Zero your irons first.... then looking through them, align your aimpoint (if it cowitnesses) to your bullet strike point on your front sight post. Then flip down the irons, and confirm zero on the aimpoint.. Now that you have your Aimpoint zeroed, you can use that with NVG's and a known distance target to be able to field zero your laser if it's new.

Saves so much time and rounds compared to having to fight with a boresight all the damn time, but then again, your mileage may vary.


----------



## 8'Duece (Jan 15, 2008)

rangerpsych said:


> you leave the aimpoint on the nvg setting, and use the laser to engage. You confirm that your laser is aimed where it should be by co-witnessing through the aimpoint at range if you don't boresight and fine-tune on a range. Ideally you should KD confirm the zero after you co-witness them.
> 
> As for target aquisition with the weapon with laser mounted and using NVG's, you don't mount the 14 on your rifle because you just shitcanned your SA if you don't have helmet/head mounted NVG's. Keep the NVG's head mounted and use muscle memory for general target aquisition and weapon alignment, turn on laser and place beam where you want a bullet.
> 
> ...



Yeah, it's kinda different with the PVS mounted to the weapon. I've got the whole head set up thing but since it seems mounts are being produced for the PVS/14 someone has to be running it on the weapon. So much for trying to keep up with the real soldiers that use them. 

At the moment it's ok if you don't have to have total SA from my back porch/deck to peak through it with the Aimpoint set on NV #3 I actually see the cats out about 50 meters at night hunting mice. 

It's a funky piece of gear, especially for non combatant types like me. But I can see where keeping on the helmet makes a hell of lot more sense than finding an expensive mount and running on the rear of the weapon in back of the Aimpoint.


----------



## phridum (Jan 15, 2008)

I'm not familiar with what "SA" is in this context...unless you mean Single Action, and in that case, I'm completely lost...

I used to mount my 14's to my M4 while we were in our hide. My main problem was, seriously, does anyone know of a headmount that doesn't suck balls? My head must be malformed because I couldn't get a kevlar or headmount that didn't cause a headache within 10 minutes of wearing it.


----------



## 8'Duece (Jan 15, 2008)

phridum said:


> I'm not familiar with what "SA" is in this context...unless you mean Single Action, and in that case, I'm completely lost...
> 
> I used to mount my 14's to my M4 while we were in our hide. My main problem was, seriously, does anyone know of a headmount that doesn't suck balls? My head must be malformed because I couldn't get a kevlar or headmount that didn't cause a headache within 10 minutes of wearing it.

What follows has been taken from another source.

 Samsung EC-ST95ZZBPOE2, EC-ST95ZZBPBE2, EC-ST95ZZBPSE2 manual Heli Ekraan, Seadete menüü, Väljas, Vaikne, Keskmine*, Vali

Naww, I was using "SA" in the context of "Situational Awarness"  I haven't tried running the PVS on my head with an laser designator. Aside from a headache I could see where the SA is more clear to your left and right than if the PVS where mounted to the weapon and you have sweep right and left to identify targets of threat. Not sure if there's any difference really. 

I'm just a gear queer guy with too much play money at the moment. But that won't last too much longer.


----------



## rangerpsych (Jan 15, 2008)

Situational Awareness... If you have nods AND a laser, weapon mounting your night vision is akin to dropping the soap in a prison shower, because you're fucking yourself.

The whole point of the laser is to be able to just shoulder the weapon and know where you're going to be putting a bullet, using muscle memory from those thousands of reps you do at the range. The laser is just the icing on the cake.

I never had issues with my MICH causing my head to hurt, and I have a knob on the back of my head that forces me to have to modify my chosen headgear.


----------



## 18C4V (Jan 15, 2008)

I like the PEQ-5 (ATPIAL) with the visible aim laser.


----------



## DA SWO (Jan 16, 2008)

Guys rolling through my ao right now have a PEQ-15(?) mounted on their rifles.  It's a Dual Beam (vis/IR)  aiming laser (or so that's what they are telling me).


----------



## The91Bravo (Jan 16, 2008)

SOWT said:


> Guys rolling through my ao right now have a PEQ-15(?) mounted on their rifles.  It's a Dual Beam (vis/IR)  aiming laser (or so that's what they are telling me).



That looks sweet.
http://www.ordnancemarine.com/tams/e1798b.html


----------